Notati anche l’ex direttore tecnico dell’Alfa Stefano Jacoponi, ora al vertice di uno studio di progettazione meccanica (buon sangue non mente) e chi fece della 156 quella mirabilia assoluta in termini di tenuta di strada, Bruno Cena (oggi nonno full-time). Presente anche un protagonista dell’ultima stagione dell’Alfa a trazione anteriore, Luca De Meo, papà della MiTo, oggi direttore vendite e marketing mondo dell’Audi.
De Meo era volato a Bologna dalla Germania proprio per celebrare la laurea a De Silva, un evento cui non hanno voluto mancare né l’amministratore delegato del gruppo Vw Martin Winterkorn né il direttore tecnico Ulrich Hackenberg.
Da notare che l’elemento scatenante che convinse De Silva ormai 15 anni fa a lasciare l’Alfa Romeo è che nel suo futuro non ci sarebbe stato spazio per nulla più che continuare a fare il direttore del Centro Stile Alfa Romeo. Oggi il “transfuga” comanda il design di 12 marche con 1500 persone che operano in 19 centri stile sparsi in tutto il mondo. Quindi era probabilmente in grado di fare qualcosa di più. E lo fa con l’Alfa nel cuore.
Caro Paternò, ti piace infilare il coltello nella piaga! Fortunatamente 15 anni fa Marchionne non c’era ancora, ma c’era però Cantarella che in quel tempo veniva osannato come il manager illuminato dell’auto. facendo le debite proporzioni quasi il Marchionne degli anni novanta.

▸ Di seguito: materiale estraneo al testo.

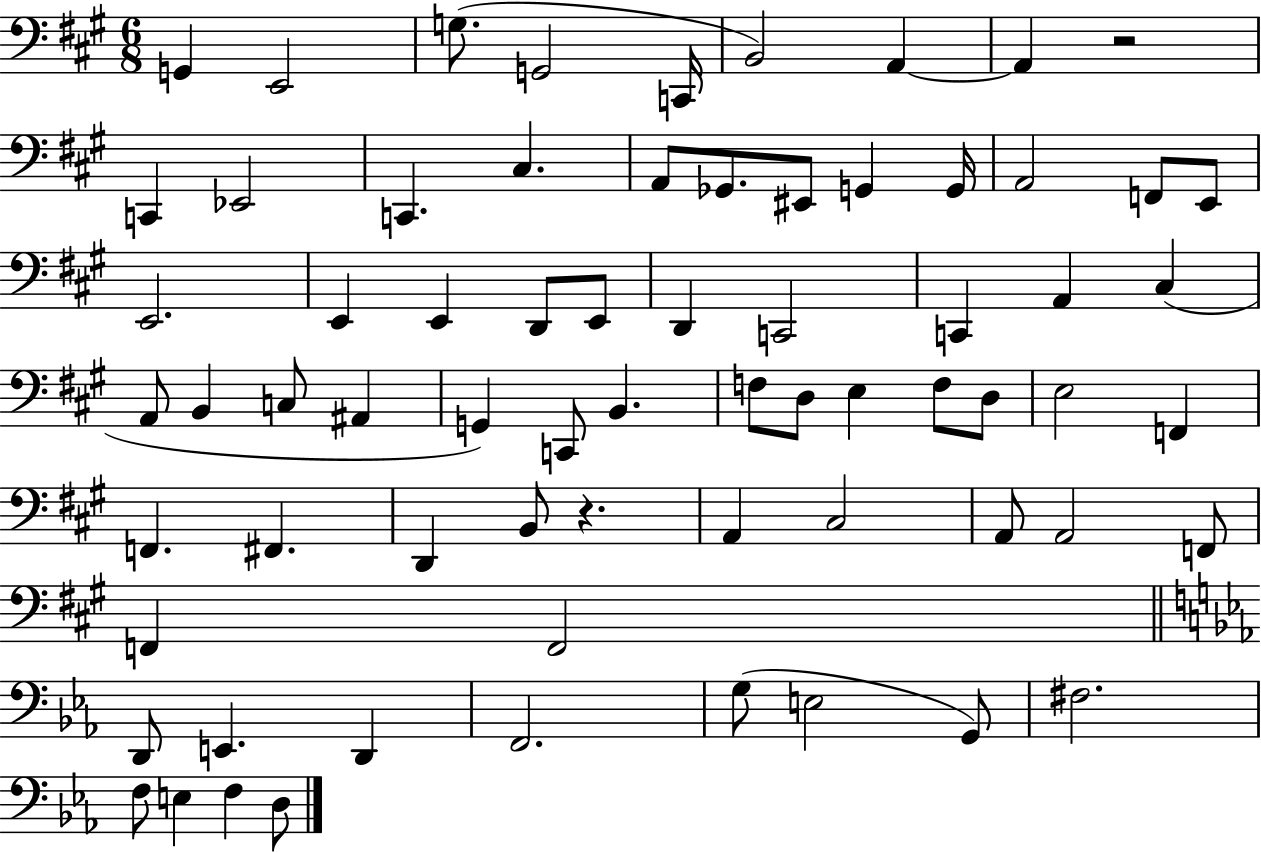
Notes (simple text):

G2/q E2/h G3/e. G2/h C2/s B2/h A2/q A2/q R/h C2/q Eb2/h C2/q. C#3/q. A2/e Gb2/e. EIS2/e G2/q G2/s A2/h F2/e E2/e E2/h. E2/q E2/q D2/e E2/e D2/q C2/h C2/q A2/q C#3/q A2/e B2/q C3/e A#2/q G2/q C2/e B2/q. F3/e D3/e E3/q F3/e D3/e E3/h F2/q F2/q. F#2/q. D2/q B2/e R/q. A2/q C#3/h A2/e A2/h F2/e F2/q F2/h D2/e E2/q. D2/q F2/h. G3/e E3/h G2/e F#3/h. F3/e E3/q F3/q D3/e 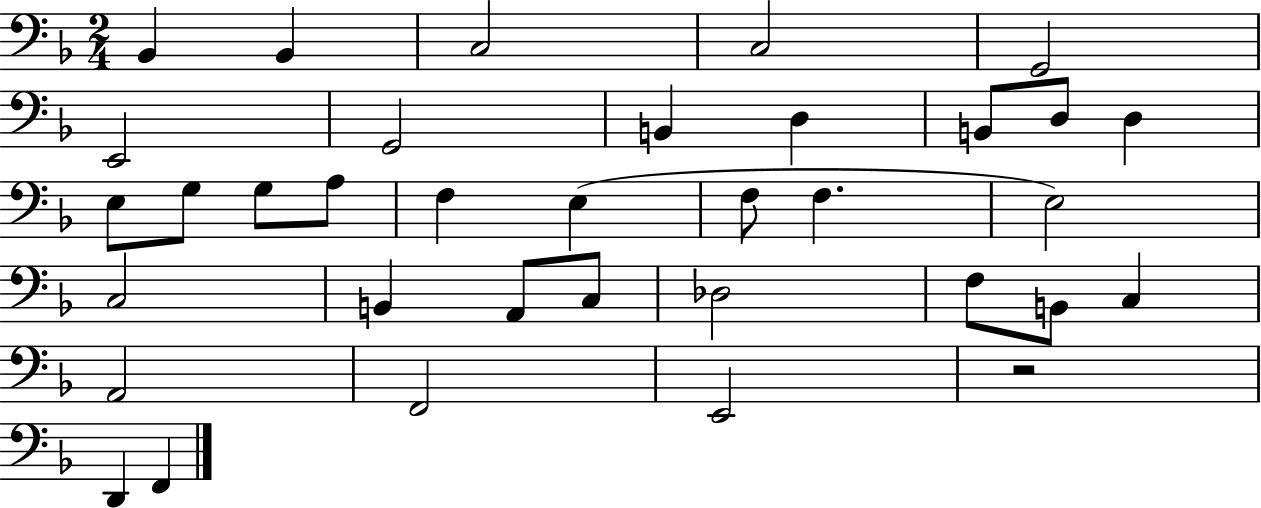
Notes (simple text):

Bb2/q Bb2/q C3/h C3/h G2/h E2/h G2/h B2/q D3/q B2/e D3/e D3/q E3/e G3/e G3/e A3/e F3/q E3/q F3/e F3/q. E3/h C3/h B2/q A2/e C3/e Db3/h F3/e B2/e C3/q A2/h F2/h E2/h R/h D2/q F2/q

La storia di Da Silva è parabola perfetta del “tafazzismo” applicato all’Alfa Romeo, cambiano le persone, cambiano i tempi, ma su Alfa Romeo continua l’accanimento terapeutico. Ma questa volta non si tratta di accanimento terapeutico per mantenere in vita un marchio, ma di accanimento per farlo morire. E sull’adunata sediziosa di ex Alfisti posso dire che vale l’assioma “sono i migliori che se ne vanno”: su quelli che restano stendiamo un pietoso velo.